Source data:
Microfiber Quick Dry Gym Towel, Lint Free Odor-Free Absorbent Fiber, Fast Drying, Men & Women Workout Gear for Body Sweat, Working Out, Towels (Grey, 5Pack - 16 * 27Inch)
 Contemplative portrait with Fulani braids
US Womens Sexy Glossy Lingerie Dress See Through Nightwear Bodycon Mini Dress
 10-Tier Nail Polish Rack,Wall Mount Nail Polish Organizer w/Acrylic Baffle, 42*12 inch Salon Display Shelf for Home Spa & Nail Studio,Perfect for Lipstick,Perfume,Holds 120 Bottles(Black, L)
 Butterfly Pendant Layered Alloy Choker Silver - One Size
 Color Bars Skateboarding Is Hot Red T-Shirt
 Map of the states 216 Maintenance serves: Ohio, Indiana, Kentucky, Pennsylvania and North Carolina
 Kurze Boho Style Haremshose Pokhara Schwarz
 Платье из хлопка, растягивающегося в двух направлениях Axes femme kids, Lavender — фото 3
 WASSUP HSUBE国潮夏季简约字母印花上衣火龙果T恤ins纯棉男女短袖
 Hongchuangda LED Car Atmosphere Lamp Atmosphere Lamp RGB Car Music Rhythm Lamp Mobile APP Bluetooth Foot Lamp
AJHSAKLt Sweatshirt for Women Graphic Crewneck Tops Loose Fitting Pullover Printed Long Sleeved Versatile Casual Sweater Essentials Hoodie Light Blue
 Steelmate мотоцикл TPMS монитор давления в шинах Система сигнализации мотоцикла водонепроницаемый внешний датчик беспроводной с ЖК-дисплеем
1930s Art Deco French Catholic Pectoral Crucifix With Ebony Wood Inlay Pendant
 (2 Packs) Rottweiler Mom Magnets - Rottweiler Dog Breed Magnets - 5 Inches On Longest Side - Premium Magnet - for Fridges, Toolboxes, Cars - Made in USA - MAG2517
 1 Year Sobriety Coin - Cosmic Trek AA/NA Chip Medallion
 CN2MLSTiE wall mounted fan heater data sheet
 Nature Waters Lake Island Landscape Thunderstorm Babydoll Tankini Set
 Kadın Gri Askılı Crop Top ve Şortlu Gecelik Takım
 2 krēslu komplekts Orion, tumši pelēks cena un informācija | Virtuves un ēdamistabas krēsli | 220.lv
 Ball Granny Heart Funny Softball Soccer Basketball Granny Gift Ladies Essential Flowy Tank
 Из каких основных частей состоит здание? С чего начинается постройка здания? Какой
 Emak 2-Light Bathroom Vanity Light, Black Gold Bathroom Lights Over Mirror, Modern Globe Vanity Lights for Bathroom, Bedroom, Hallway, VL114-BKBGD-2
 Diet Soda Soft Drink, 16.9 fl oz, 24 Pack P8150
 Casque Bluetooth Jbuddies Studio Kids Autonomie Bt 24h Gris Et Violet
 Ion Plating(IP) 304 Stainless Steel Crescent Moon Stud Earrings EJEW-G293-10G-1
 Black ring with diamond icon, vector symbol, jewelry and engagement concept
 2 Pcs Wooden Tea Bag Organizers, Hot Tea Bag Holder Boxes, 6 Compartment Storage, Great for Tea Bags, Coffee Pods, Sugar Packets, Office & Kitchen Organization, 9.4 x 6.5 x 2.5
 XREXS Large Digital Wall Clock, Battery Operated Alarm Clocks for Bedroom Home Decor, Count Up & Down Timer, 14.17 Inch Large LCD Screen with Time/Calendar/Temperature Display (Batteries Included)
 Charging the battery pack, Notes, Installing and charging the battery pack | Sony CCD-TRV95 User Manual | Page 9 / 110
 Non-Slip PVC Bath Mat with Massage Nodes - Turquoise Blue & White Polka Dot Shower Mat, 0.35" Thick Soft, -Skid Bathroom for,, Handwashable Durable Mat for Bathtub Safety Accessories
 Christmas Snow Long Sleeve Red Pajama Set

:: AIM OF THE EXERCISE ::
Each line above where the word "Black" occurs should be copied out.

:: SOLUTION ::
 10-Tier Nail Polish Rack,Wall Mount Nail Polish Organizer w/Acrylic Baffle, 42*12 inch Salon Display Shelf for Home Spa & Nail Studio,Perfect for Lipstick,Perfume,Holds 120 Bottles(Black, L)
 Emak 2-Light Bathroom Vanity Light, Black Gold Bathroom Lights Over Mirror, Modern Globe Vanity Lights for Bathroom, Bedroom, Hallway, VL114-BKBGD-2
 Black ring with diamond icon, vector symbol, jewelry and engagement concept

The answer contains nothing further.